Para pendemo merusuh hingga melempari batu dan memecahkan barang yang ada di sana. Rusman terjebak, para demonstran menangkapnya. Bersama beberapa kawannya ia dibawa polisi ke Kantor Seksi 7 di Jatinegara. Di kantor ia mendapatkan kekerasan oleh petugas. Berkali-kali ia dipindah dari satu tempat penahana ke tempat penahanan lainnya untuk diinterogasi. Di LP Tangerang, ia bertemu dengan Pramoedya Ananta Toer. Di sana, Rusman juga mendapat penyiksaan. 

Beberapa bulan di Tangerang, Rusman dipindahkan ke LP Cipinang. Di sana, ia sempat bertemu dengan murid ayahnya. Pak Saliyah, ayah Rusman, adalah seorang guru yang baik dan sayang kepada muridnya, setidaknya begitulah pengakuan salah satu petugas LP Cipinang. Ternyata, Saliyah pun ditahan di LP Sukamiskin karena dianggap pro Soekarno, sedangkan ibunya dituduh anggota Gerwani dan ditahan di LP Garut.

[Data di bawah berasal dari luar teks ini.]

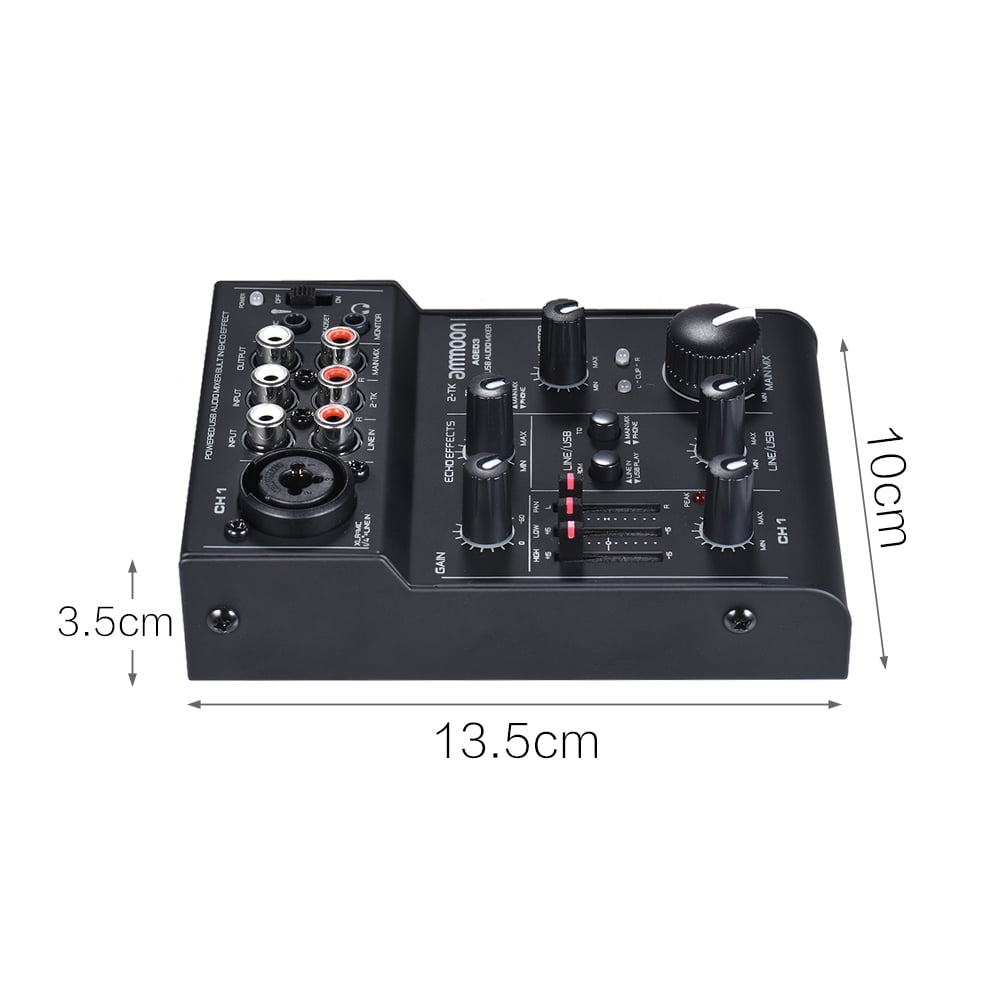 ammoon AGE03 5Channel Mini MicLine Mixing Console Mixer with USB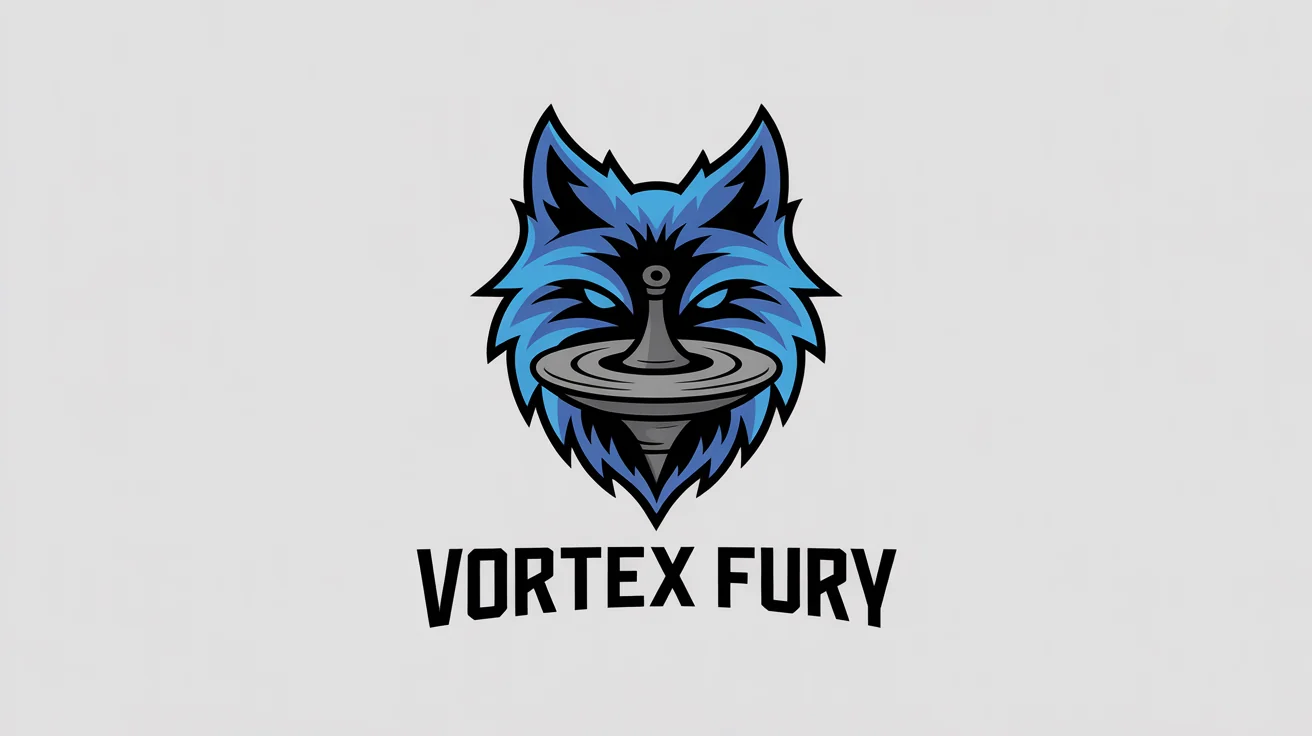 An esports logo for a Beyblade team named 'Vortex Fury'. It features a stylized, aggressive wolf made of swirling energy and metallic shards, intertwined with a futuristic spinning top. The logo is on a clean white background.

Bagi Pak Saliyah, penahanan itu bukanlah yang pertama. Sebelumnya ia pernah ditahan di masa Belanda karena menentang penjajah, pada masa Jepang juga ia ditahan karena vokal terhadap penjajahan. Pak Saliyah seorang nasionalis sejati, ia tidak bisa melihat ketidakadilan. 

Bertahun-tahun Rusman mendiami LP Cipinang, kemudian bulan Mei ia dipindah lagi ke Rutan Salemba untuk persiapan dipindah ke Pulau Buru. Rusman dan 24 kawan tapolnya menggunakan baju tahanan diangkut menggunakan kapal Tokala yang akan membawa mereka ke Pulau Buru. Ternyata, di kapal tersebut sudah ada 700 tapol lain yang datang dari berbagai lapas. 17 Agustus mereka sampai di Pelabuhan Namlea, ibu kota Pulau Buru. Perjalanan belum selesai, mereka diangkut menggunakan kaoal motor kecil menuju Air Mendidih, tempat pendaratan perahu yang akan ke unit-unit tempat tapol. 

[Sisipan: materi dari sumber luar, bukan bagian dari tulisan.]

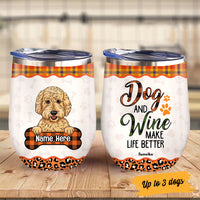 Personalized Fall Halloween Dog Mom Wine Tumbler AG108 24O53 thumb 1
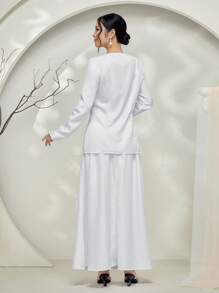 Graceveil Baju Kebaya 2pcs/Set Solid Color Button Front Long Sleeve Top And Skirt Casual Suit Modest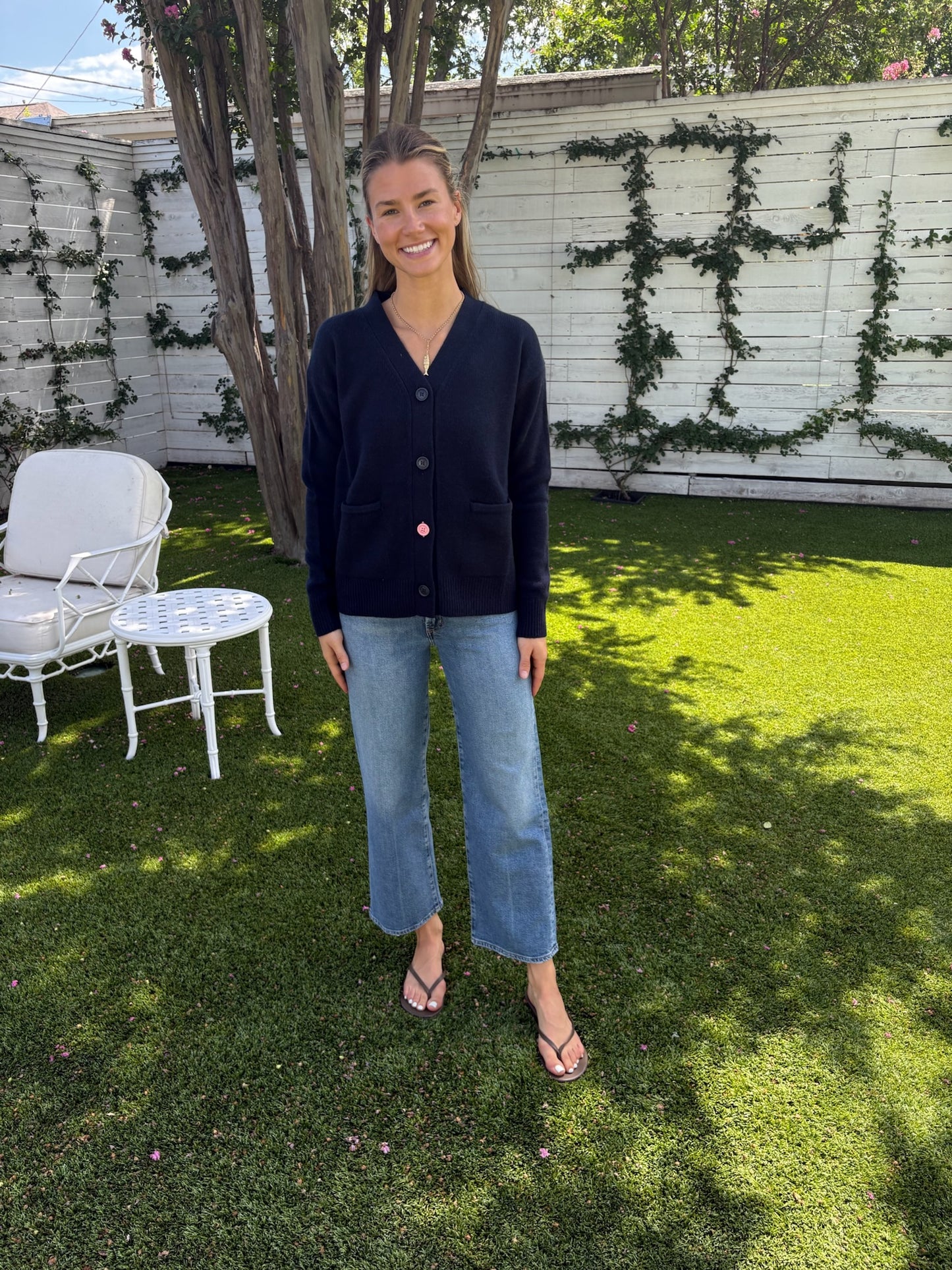 the wrap cardigan navy blue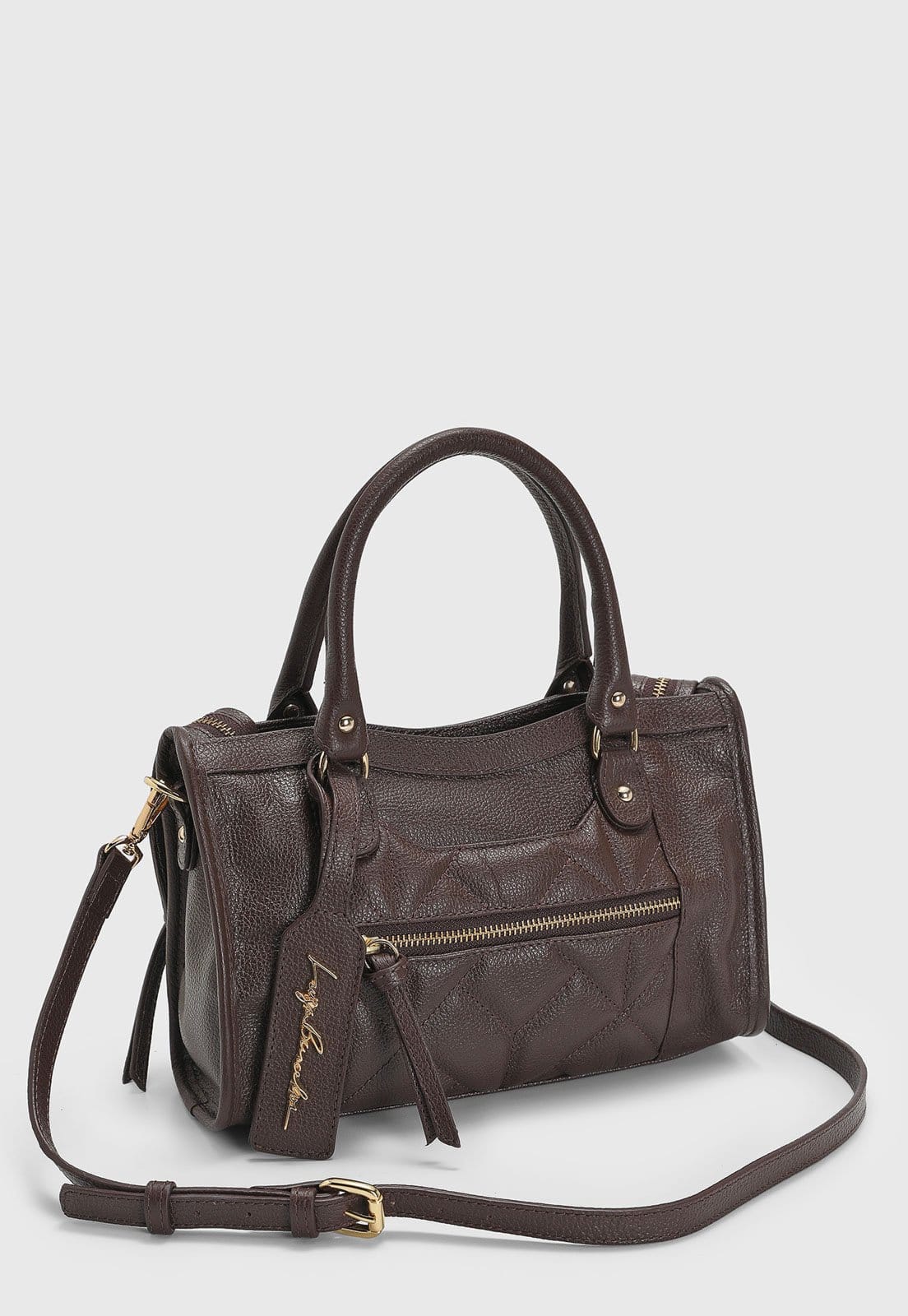 Vista 2 Bolsa Grande Feminina Luiza Barcelos Matelassê Luiza Barcelos marrom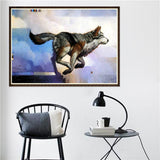 Maxbell DIY 5D Diamond Painting Embroidery Cross Stitch Kit 40x30cm Running Wolf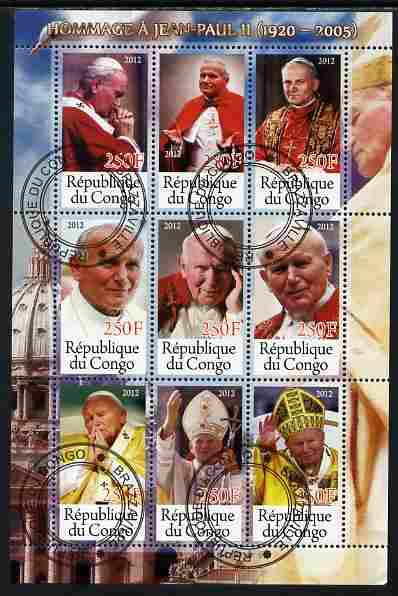 Congo 2012 Pope John Paul II perf sheetlet containing 9 values fine cto used, stamps on personalities, stamps on pope, stamps on popes, stamps on religion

Rusman tidak bisa lupa bagaimana pertama kali ia menginjakan kaki di sana. Para tapol lain menyambut dengan menyediakan ketela rebus yang diletakan di pinggir jalan. Mereka hanya bisa menyambut dari kejauhan. Rusman dan kawan-kawannya mendiami unit 15. Barak yang sederhana dan kotor itu mereka bersihkan bersama menggunakan alat seadanya.  

Menurut Tumiso, rekan sesama tapol, Rusman adalah sosok penting di unit III dulu. Dia adalah orang kepercayaan Pak Oey Hay Djoen, petinggi Lekra dan anggota DPR perwakilan PKI. Tugas penting Rusman adalah mendengarkan radio dalam hutan. Di Buru, akses informasi telah dipotong, media massa seperti koran, radio, dan televisi jadi barang haram. Rusman mengaku tak keberatan mengemban tugas mendengarkan radio itu meski nyawa yang harus dipertaruhkan. 

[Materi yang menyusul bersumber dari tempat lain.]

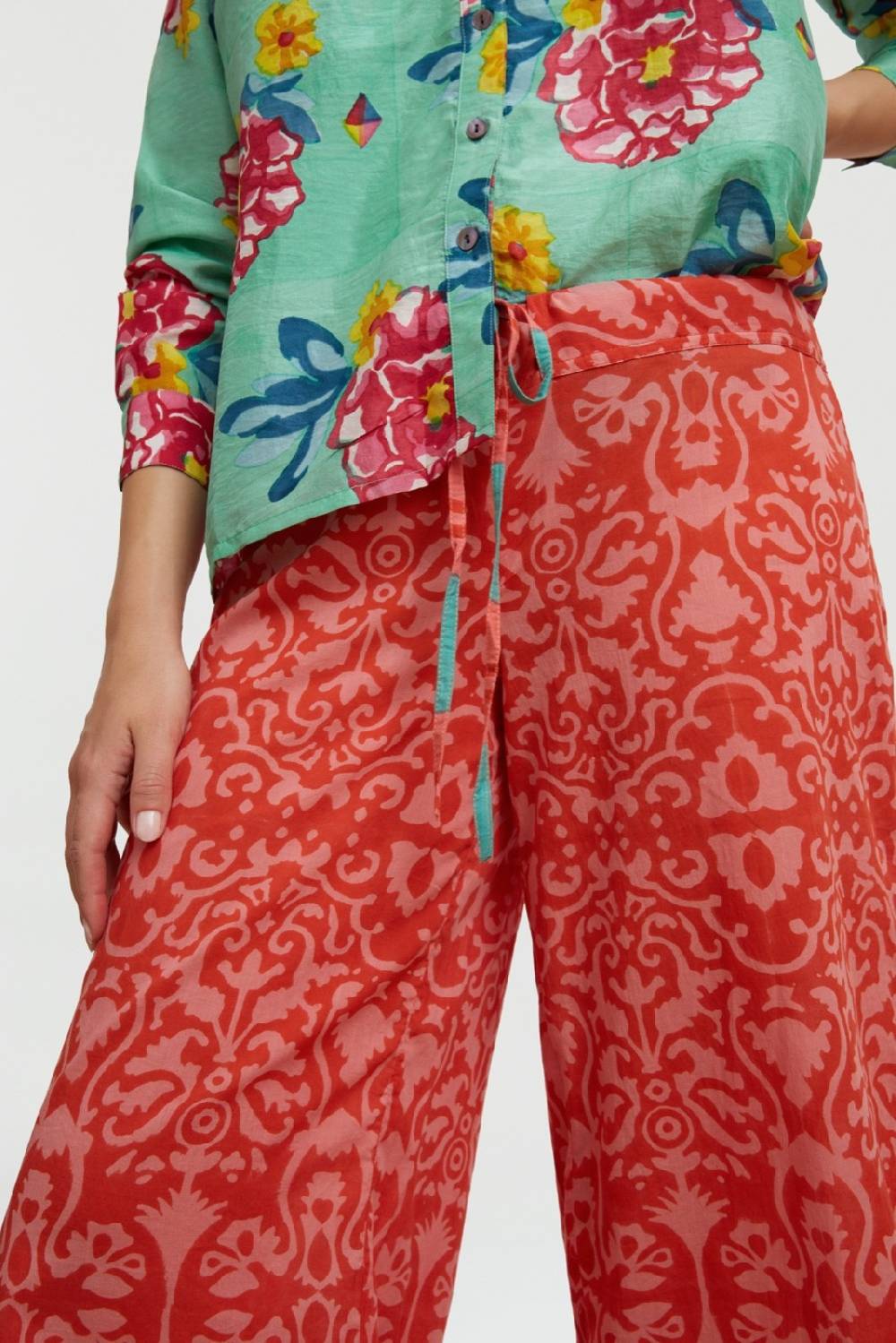 Lisa Corti pantalone cabana damask design red Offerta migliore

Di kamp, para tapol diharuskan kerja paksa setiap hari sesuai dengan perintah. Mereka diawasi dengan ketat dan diperbolehkan istirahat ketika waktu sore. Jika para tapol tidak mengikuti perintah, mereka harus siap disiksa. Sekitar tahun 1977, suasana unit mulai lebih baik ketika komandan mako diganti menjadi Letkol Syamsi, ia lebih humanis dan sangat baik. Para tapol lebih leluasa bahkan bisa mengunjungi kawan-kawannya di unit lain asalkan izin. 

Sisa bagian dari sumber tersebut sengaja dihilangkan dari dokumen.